Un commerce alimentaire avant tout : ce que la réglementation impose à votre local
Un bar à jus presse, mixe et sert des denrées périssables : au regard de la réglementation, c'est un établissement alimentaire à part entière, au même titre qu'un restaurant. Le socle applicable est le règlement (CE) n° 852/2004 relatif à l'hygiène des denrées alimentaires : il impose de mettre en place une démarche fondée sur les principes HACCP — identifier les dangers (microbiologiques surtout, sur des jus crus non pasteurisés à durée de vie très courte), définir des points de contrôle et en garder une trace écrite.
Concrètement, pour le local, cela se traduit par des exigences que les services de contrôle vérifient sur place :
- des surfaces de travail lisses et lavables, un poste de lavage des mains distinct du bac de plonge ;
- une zone de stockage séparant les fruits et légumes bruts, souvent terreux, des produits prêts à servir ;
- une chaîne du froid documentée : relevés de température des vitrines et des frigos, car un jus pressé à froid se conserve peu ;
- un plan de nettoyage et de désinfection, et un plan de lutte contre les nuisibles.
Deux formalités s'ajoutent. Si vos smoothies contiennent du lait, des yaourts ou du fromage blanc — c'est le cas de la plupart des cartes — vous manipulez des denrées d'origine animale : une déclaration de votre établissement auprès de la DDPP (protection des populations) est obligatoire avant l'ouverture. Et si votre activité relève de la restauration commerciale (consommation sur place, préparations à emporter), au moins une personne de l'équipe doit avoir suivi la formation spécifique en matière d'hygiène alimentaire. Ces obligations sont légales : leur non-respect peut conduire à une fermeture administrative — et donner un argument à l'assureur en cas de sinistre d'origine sanitaire.
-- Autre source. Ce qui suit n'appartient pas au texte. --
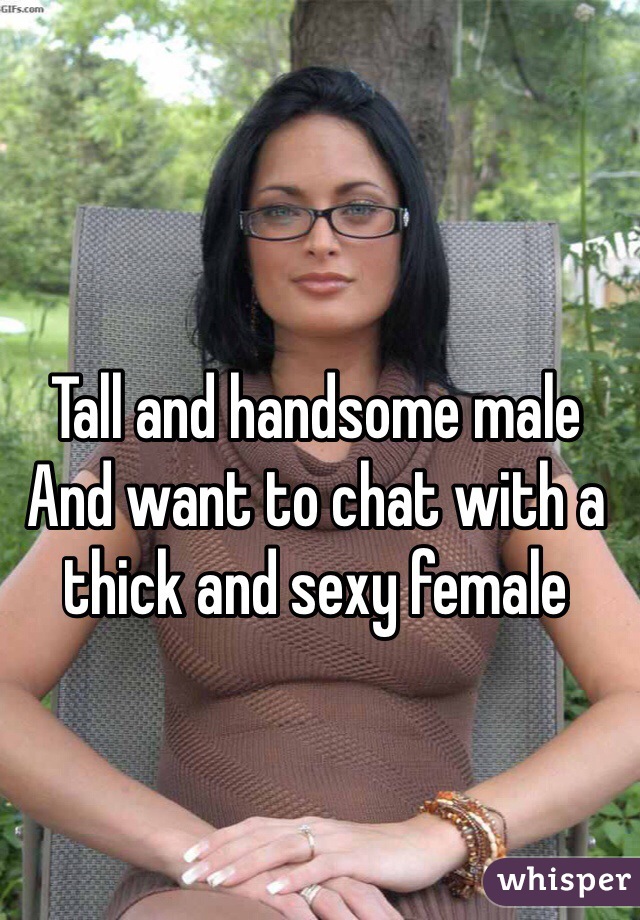 Tall and handsome male And want to chat with a thick and sexy female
ERP, sécurité et affichages : les obligations du local qui reçoit du public
Dès que des clients entrent pour commander ou consommer, votre local est un établissement recevant du public (ERP). La plupart des bars à jus relèvent du type N (restauration, débits de boissons) en 5e catégorie, celle des petits effectifs — le classement exact dépend de la capacité d'accueil déclarée.
Même en 5e catégorie, des obligations concrètes s'appliquent :
- tenir un registre de sécurité (extincteurs, consignes, vérifications, travaux réalisés) ;
- disposer d'extincteurs adaptés et vérifiés chaque année ;
- maintenir les issues dégagées et respecter la réglementation applicable aux installations électriques et, le cas échéant, au gaz ;
- tenir un registre public d'accessibilité, le local devant être accessible aux personnes handicapées ou couvert par une dérogation.
Côté affichages, trois points concernent directement un bar à jus : l'affichage des prix, lisible depuis l'extérieur et en caisse ; l'information sur les allergènes prévue par le règlement européen INCO n° 1169/2011 — un sujet sérieux quand la carte mêle lait, fruits à coque (amandes ou noix de cajou des smoothie bowls), gluten du granola, soja ou sésame ; et la signalétique d'interdiction de fumer.
Bonne nouvelle en revanche : depuis 2011, aucune licence de débit de boissons n'est requise pour vendre uniquement des boissons sans alcool. Ce n'est que si vous ajoutez une offre alcoolisée (un brunch avec mimosa, par exemple) qu'une licence adaptée redevient nécessaire. Distinguons bien : tout ce qui précède relève de l'obligation légale — l'assureur, lui, ajoute ses propres exigences, détaillées ci-dessous.
Ce que votre assureur exige de votre local avant de le couvrir
Le contrat multirisque professionnelle ne se contente pas de la conformité réglementaire : les conditions générales et particulières ajoutent des exigences contractuelles, dont le non-respect peut réduire l'indemnité, voire faire tomber la garantie.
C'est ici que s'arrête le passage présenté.